The U.S. 30-year yield reached 2.53%, the highest level since mid-2019, and some Wall Street strategists predict the 10-year rate by year-end will be around 3% -- a level that’s proved troublesome for risk assets in the past. European sovereign debt was also under pressure, with German 10-year yields rising to the highest since 2018.

A quarter-point rate increase by the Fed Wednesday is fully priced into money-market derivatives, which also partially price in a half-point increase by the central bank at a subsequent meeting later this year. With inflation running at the highest level in more than forty years, Fed officials’ revised projections for the policy rate in future years to be released after their meeting are widely expected to be higher.

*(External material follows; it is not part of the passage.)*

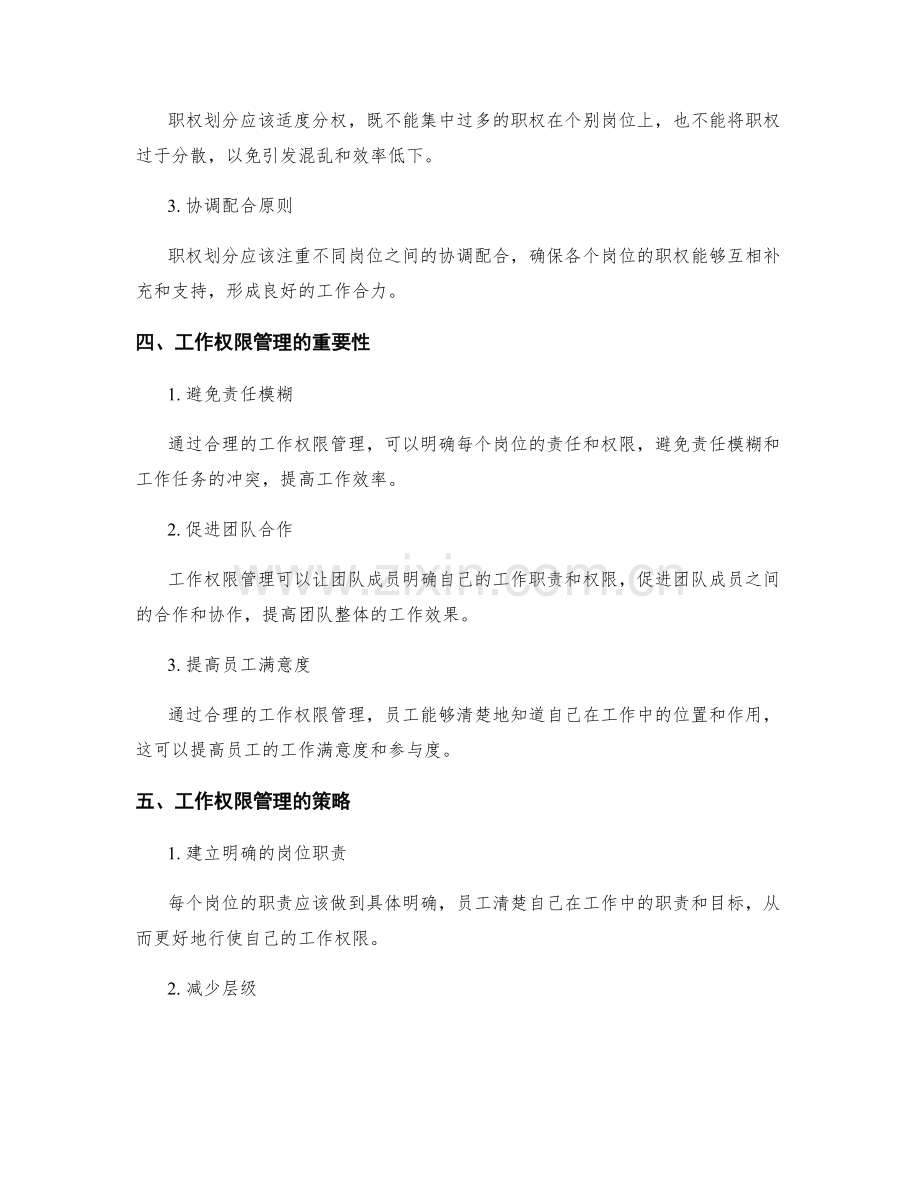 岗位职责的职权划分和工作权限管理.docx_第2页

Stephen Stanley, chief economist at Amherst Pierpont Securities LLC, forecasts the 10-year Treasury yield, recently around 2.18%, will end this year at 3.1%. He foresees the Fed lifting its policy rate from its near zero level to a peak of between 3% and 4%.

“Inflation has to be job one at this point” for the Fed, Stanley said in an interview Tuesday on Bloomberg Television’s “Balance of Power With David Westin.” Russia’s invasion of Ukraine last month “introduces more uncertainties on both sides of the equation for them because it could be a drag on the economy but it could also further exacerbate inflation pressures -- and it could make inflation expectations rise, which is something they are very fearful of.”

Ten-year Treasury yields rose as much as six basis points to 2.20% Wednesday. The German 10-year yield increased as much as seven basis points to 0.40%.

China issued statements in support of policies to boost financial markets and stimulate economic growth. Optimism about an abatement of the war in Ukraine was bolstered after the Kremlin said a Ukrainian proposal to become a neutral country “could be viewed as a certain kind of compromise.”

Russia’s invasion has sent commodity prices flying, adding to inflation expectations after the U.S. posted the highest consumer-price gains in 40 years last month. That’s whiplashed bond markets, with traders caught between a bid for havens and a selloff in the face of soaring consumer-price growth.

Jonathan Cohn, head of rates trading strategy at Credit Suisse Group AG, said in a note that his team has “re-engaged” their prediction before the Feb. 24 invasion of Ukraine for the 10-year yield to reach 2.7% by year’s end.

“The increasingly prevalent belief, at least seen in the market, is that yields will need to go higher, either to reflect the need for tighter financial conditions to curb inflation or to reflect the higher inflation expectations from growth/risk-asset motivated policy restraint,” Cohn said. Thus, “yields continue to find support in both risk-on and risk-off trading.”